Dalam arti sebenarnya, film ini menjadi pelopor dalam hal tersebut. Ini adalah Roberts di puncak kariernya sebagai ikon Hollywood papan atas, mampu membuat film sukses hanya dengan namanya dan karakter yang diperankannya dalam kisah David melawan Goliath yang sederhana namun efektif ini. Atau, seperti yang dikatakan pengacara Albert Finney, Ed Masry, "David melawan seluruh keluarga Goliath."
Narasi ini diberi bobot dan kedalaman ekstra oleh alur cerita pemberdayaan perempuan yang kuat. Ini bukan hanya peran yang sangat bagus untuk aktor seperti Roberts; Film ini juga memiliki daya tarik tersendiri – seorang pahlawan wanita modern yang nyata dan tulus, yang melawan sistem dan menang, sebuah kisah yang tidak pernah dibumbui oleh sutradara Steven Soderbergh dan penulis Jennifer Grant.

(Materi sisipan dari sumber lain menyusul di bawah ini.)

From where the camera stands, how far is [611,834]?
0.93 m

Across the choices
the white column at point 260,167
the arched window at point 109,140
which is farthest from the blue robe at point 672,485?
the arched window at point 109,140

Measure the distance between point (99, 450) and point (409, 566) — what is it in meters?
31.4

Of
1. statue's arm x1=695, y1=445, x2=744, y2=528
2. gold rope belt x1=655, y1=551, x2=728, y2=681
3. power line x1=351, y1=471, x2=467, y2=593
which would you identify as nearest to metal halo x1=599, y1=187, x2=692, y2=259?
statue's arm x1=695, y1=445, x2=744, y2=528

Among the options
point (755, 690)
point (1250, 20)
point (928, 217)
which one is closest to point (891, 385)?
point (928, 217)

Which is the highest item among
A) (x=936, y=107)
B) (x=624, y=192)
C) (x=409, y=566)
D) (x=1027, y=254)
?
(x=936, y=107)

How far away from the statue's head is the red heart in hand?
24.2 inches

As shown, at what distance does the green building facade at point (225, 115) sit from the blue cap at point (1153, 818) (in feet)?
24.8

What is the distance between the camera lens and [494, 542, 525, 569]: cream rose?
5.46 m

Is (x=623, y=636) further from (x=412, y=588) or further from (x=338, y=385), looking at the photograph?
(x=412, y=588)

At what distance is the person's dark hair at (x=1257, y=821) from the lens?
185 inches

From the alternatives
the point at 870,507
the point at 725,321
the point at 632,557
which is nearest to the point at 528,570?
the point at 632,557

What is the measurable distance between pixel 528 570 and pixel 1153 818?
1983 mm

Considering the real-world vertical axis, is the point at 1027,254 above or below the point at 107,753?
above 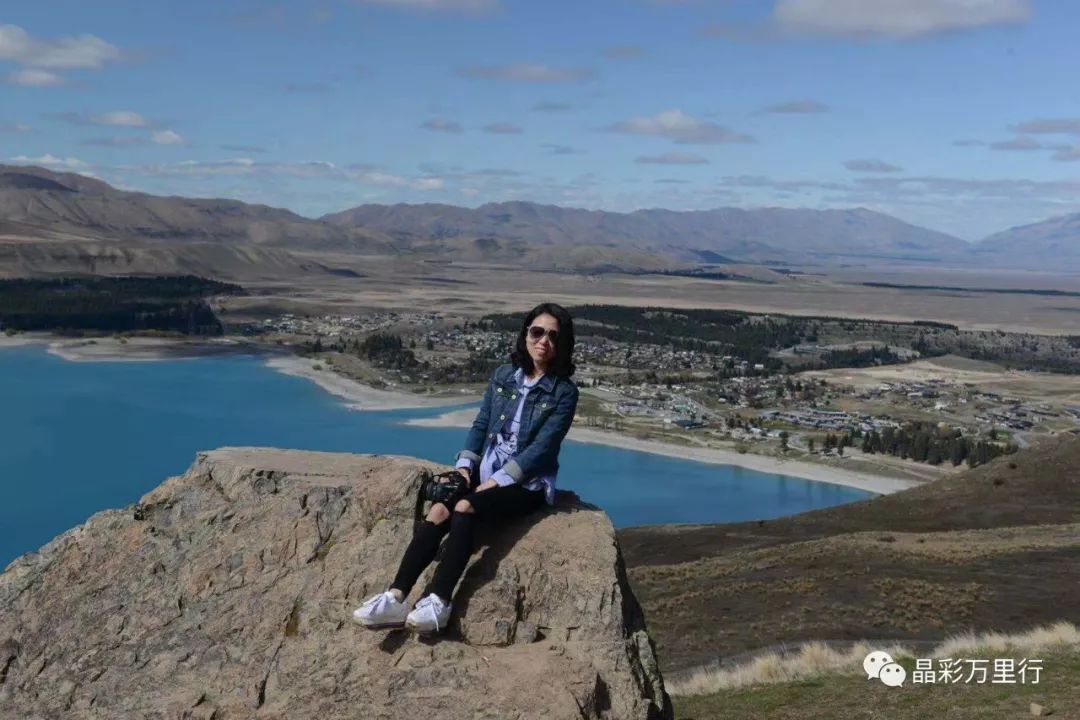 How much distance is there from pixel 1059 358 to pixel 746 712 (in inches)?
5024

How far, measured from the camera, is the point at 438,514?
256 inches

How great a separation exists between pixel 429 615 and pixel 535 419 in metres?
1.52

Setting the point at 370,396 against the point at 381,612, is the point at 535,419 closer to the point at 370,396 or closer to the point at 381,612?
the point at 381,612

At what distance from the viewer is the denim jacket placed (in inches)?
272

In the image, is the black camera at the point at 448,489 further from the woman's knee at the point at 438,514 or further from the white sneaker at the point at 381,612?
the white sneaker at the point at 381,612

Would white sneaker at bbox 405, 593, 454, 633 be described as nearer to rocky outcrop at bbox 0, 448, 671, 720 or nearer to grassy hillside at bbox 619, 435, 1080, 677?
rocky outcrop at bbox 0, 448, 671, 720

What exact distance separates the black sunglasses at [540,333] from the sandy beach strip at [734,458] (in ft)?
159

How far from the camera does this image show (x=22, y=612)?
746 centimetres

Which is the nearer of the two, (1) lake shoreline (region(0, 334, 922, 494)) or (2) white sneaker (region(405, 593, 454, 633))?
(2) white sneaker (region(405, 593, 454, 633))

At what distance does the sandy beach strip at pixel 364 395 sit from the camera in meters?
75.3

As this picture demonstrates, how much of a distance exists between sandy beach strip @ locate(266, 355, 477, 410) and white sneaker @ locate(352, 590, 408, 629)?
6788cm

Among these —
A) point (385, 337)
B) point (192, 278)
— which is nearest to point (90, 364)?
→ point (385, 337)

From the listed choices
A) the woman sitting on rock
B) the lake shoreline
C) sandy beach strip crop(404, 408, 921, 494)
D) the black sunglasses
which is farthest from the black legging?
sandy beach strip crop(404, 408, 921, 494)

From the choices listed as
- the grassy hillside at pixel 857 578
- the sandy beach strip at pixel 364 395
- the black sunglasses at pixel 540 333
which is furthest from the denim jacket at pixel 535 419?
the sandy beach strip at pixel 364 395
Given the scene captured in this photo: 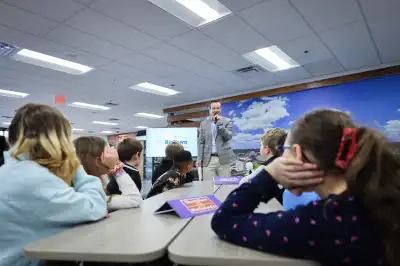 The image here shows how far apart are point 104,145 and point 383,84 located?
5.12m

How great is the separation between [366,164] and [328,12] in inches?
121

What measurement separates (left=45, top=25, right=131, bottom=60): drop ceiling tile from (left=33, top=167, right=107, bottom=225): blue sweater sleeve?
3.08 meters

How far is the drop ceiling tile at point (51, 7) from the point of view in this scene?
2.79 metres

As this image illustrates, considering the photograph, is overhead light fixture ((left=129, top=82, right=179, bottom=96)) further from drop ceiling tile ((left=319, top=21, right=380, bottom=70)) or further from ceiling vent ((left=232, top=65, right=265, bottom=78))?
drop ceiling tile ((left=319, top=21, right=380, bottom=70))

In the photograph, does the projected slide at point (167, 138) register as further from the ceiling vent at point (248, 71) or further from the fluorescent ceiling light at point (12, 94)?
the fluorescent ceiling light at point (12, 94)

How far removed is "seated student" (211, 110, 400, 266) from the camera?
571mm

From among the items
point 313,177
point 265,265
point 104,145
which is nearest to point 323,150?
point 313,177

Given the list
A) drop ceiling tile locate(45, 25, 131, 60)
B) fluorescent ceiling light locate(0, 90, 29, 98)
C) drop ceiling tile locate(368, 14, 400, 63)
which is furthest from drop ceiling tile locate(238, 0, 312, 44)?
fluorescent ceiling light locate(0, 90, 29, 98)

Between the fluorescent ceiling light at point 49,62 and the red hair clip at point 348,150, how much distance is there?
4.78 m

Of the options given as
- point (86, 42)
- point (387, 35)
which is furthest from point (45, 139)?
point (387, 35)

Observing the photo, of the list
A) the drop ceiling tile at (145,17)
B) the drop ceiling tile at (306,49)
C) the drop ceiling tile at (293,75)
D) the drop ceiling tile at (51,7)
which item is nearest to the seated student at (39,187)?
the drop ceiling tile at (145,17)

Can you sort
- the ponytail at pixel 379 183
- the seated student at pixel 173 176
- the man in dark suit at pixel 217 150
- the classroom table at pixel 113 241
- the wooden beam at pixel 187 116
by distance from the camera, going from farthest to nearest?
the wooden beam at pixel 187 116 → the man in dark suit at pixel 217 150 → the seated student at pixel 173 176 → the classroom table at pixel 113 241 → the ponytail at pixel 379 183

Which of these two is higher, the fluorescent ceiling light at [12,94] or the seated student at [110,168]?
the fluorescent ceiling light at [12,94]

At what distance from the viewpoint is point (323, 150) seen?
0.70 meters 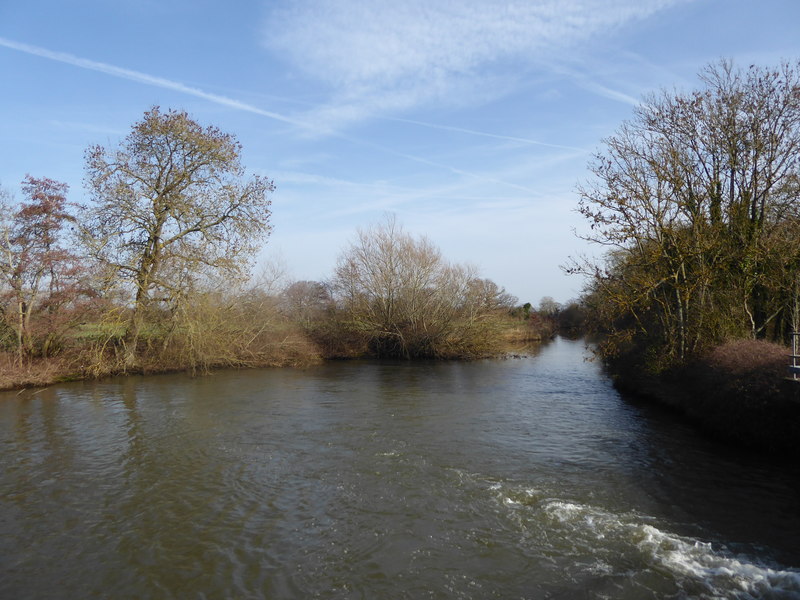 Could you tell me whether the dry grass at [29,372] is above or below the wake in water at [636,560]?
above

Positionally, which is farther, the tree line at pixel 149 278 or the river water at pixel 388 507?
the tree line at pixel 149 278

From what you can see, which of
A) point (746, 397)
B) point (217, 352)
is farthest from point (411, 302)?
point (746, 397)

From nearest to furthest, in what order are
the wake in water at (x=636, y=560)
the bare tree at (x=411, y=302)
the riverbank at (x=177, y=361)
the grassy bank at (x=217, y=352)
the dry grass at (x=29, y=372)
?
the wake in water at (x=636, y=560) → the dry grass at (x=29, y=372) → the riverbank at (x=177, y=361) → the grassy bank at (x=217, y=352) → the bare tree at (x=411, y=302)

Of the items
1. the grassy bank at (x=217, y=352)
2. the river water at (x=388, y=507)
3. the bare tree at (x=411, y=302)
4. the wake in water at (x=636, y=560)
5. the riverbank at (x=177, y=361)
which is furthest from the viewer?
the bare tree at (x=411, y=302)

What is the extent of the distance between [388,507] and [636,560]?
3.54 metres

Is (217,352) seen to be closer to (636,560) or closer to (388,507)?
(388,507)

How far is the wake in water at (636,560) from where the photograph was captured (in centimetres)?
582

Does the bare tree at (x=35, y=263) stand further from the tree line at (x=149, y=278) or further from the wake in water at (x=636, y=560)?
the wake in water at (x=636, y=560)

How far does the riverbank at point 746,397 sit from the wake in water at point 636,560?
472cm

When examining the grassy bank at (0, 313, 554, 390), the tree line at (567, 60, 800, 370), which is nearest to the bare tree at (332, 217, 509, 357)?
the grassy bank at (0, 313, 554, 390)

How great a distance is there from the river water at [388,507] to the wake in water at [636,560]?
3 centimetres

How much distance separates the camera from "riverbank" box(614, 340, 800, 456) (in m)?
10.2

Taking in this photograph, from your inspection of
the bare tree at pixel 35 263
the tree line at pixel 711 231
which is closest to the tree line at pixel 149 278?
the bare tree at pixel 35 263

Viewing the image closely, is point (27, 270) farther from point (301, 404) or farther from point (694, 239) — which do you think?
point (694, 239) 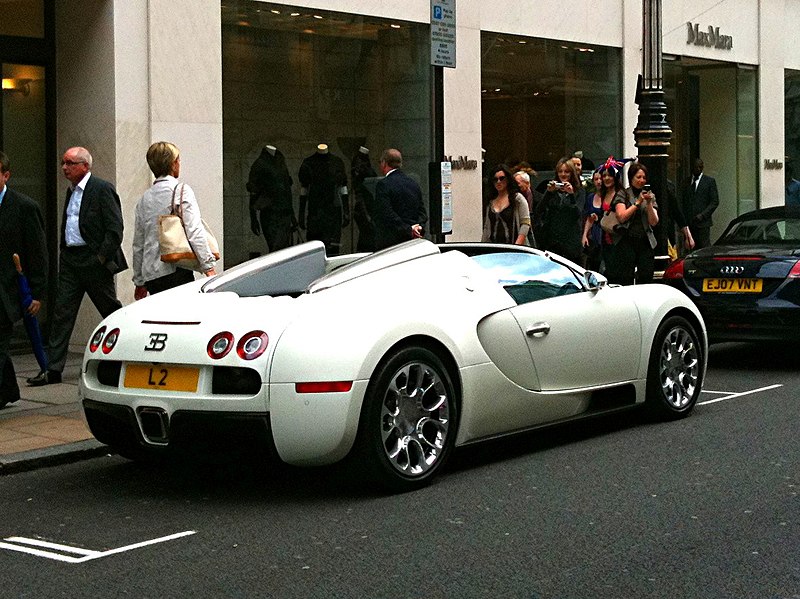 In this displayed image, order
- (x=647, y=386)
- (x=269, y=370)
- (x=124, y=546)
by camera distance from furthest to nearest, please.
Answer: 1. (x=647, y=386)
2. (x=269, y=370)
3. (x=124, y=546)

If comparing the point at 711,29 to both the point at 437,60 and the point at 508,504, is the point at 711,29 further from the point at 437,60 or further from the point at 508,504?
the point at 508,504

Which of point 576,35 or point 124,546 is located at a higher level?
point 576,35

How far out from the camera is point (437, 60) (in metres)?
12.1

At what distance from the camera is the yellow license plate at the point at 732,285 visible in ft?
38.9

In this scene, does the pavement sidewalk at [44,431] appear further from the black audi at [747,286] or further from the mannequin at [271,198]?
the black audi at [747,286]

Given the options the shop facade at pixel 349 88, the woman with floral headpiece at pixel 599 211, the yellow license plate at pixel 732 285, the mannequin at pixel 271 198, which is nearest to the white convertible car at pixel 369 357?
the yellow license plate at pixel 732 285

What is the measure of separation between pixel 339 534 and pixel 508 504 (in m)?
0.95

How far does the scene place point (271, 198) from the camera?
15023mm

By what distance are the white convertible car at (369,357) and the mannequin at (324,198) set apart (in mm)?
7035

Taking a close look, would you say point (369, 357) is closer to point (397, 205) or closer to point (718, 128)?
point (397, 205)

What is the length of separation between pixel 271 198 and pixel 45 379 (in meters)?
4.50

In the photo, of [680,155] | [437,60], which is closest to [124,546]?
[437,60]

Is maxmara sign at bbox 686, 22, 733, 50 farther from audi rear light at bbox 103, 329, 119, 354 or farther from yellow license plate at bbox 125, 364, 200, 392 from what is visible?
yellow license plate at bbox 125, 364, 200, 392

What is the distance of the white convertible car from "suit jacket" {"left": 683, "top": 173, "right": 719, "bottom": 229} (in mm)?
13534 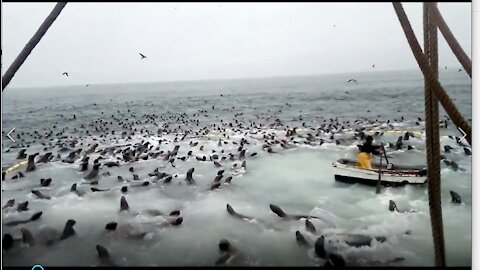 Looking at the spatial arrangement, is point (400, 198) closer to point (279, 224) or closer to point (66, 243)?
point (279, 224)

Kisah ini sudah cukup luar biasa berdasarkan fakta.
Keberhasilan Erin Brockovich di box office global membuktikan beberapa hal pada pergantian abad; pentingnya daya tarik bintang untuk membuka jalan kesuksesan film (Tom Hanks melakukan trik serupa dengan Cast Away tahun 2000) dan selera penonton yang jelas terhadap film-film progresif yang digerakkan oleh perempuan.
Di era sebelum lahirnya film franchise di luar sub-genre kultus tertentu, Erin Brockovich membuktikan bahwa film-film berdasarkan kisah nyata dengan kombinasi bakat yang tepat – baik di depan maupun di belakang kamera – promosi dari mulut ke mulut yang kuat, dan mungkin elemen reaktif terhadap film blockbuster beranggaran besar yang lebih hampa, dapat menghasilkan keuntungan.
Tidak diragukan lagi, film ini membuka jalan bagi perpaduan antara film blockbuster budaya pop dan drama yang digerakkan oleh sutradara pada pertengahan tahun 2000-an, seperti yang dicontohkan oleh Christopher Nolan dan, memang, Soderbergh sendiri. Warisan Erin Brockovich sangat kuat.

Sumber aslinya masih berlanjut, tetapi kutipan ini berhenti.